When the other parent comes in with the baby, praise your dog and offer some rewards. Use the leash to control jumping or general over enthusiasm towards the baby. It is really important that all humans stay very relaxed and calm during this time. If you are nervous or jittery he will pick up on it and sense that something is off. It is not necessary for your dog to make contact with the baby right away.

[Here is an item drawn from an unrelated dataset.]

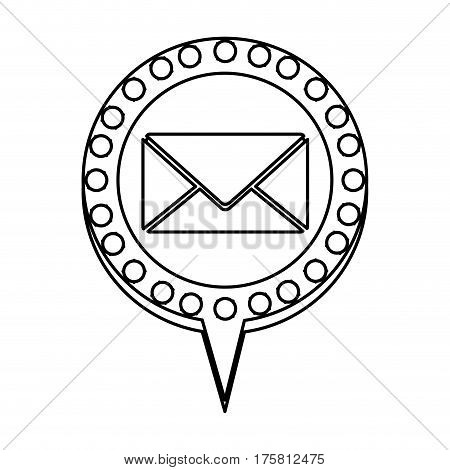 monochrome silhouette of closed envelope mail and circular speech with contour dotted and tail vector illustration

The meet and greet should be relatively engineered. Wait until everything is calm and quiet, perhaps while the baby is sleeping or otherwise calm. I would once again have him on a leash. A parent can sit down with the baby while the other approaches calmly with your dog, offering small treats. Again, everyone should stay calm. If the dog is mellow and is showing soft friendly body language, he may approach to sniff the babies feet for a few seconds. Whoever is handling Batman should then distract him with treats and have him do a “sit” or “down” then reward him. If all has gone smoothly, repeat the process a few times.
I’ve heard bringing home a blanket with the baby’s smell is important to introduce the baby’s scent to your dog. Any thoughts or other recommendations on this idea?
Absolutely. Sense of smell is of paramount importance to a dog. It is said they can detect a teaspoon of sugar dissolved in an Olympic swimming pool. Crazy stuff right? Bringing home the baby’s swaddle or blanket is a good idea. Be sure to pair the presence of the blanket with a positive experience. A few treats, a game of fetch, A cuddle session, whatever it is you know makes him happy.
What are your recommendations on teaching your dog boundaries when around the baby?
It is important to think practically about your life with your dog as it is now and how it may change once the baby comes. If your dog is sleeping on your bed and you plan to co-sleep with the baby, getting your dog comfortable sleeping on a dog bed on the floor or in his crate a few months prior to your due date is good idea. You should start getting in the habit now of having him sit and stay outside the bedroom and nursery door until invited in. Teaching him the “go to your place” cue is also helpful in this scenario. If you’re like me, you will want him to be involved in the experience. Having him stay at the door, then come into the room when you give the “OK”, then go to his place/dog bed beside the rocking chair while you nurse, is a very safe, structured and appropriate way for him to be involved while keeping the peace in your home.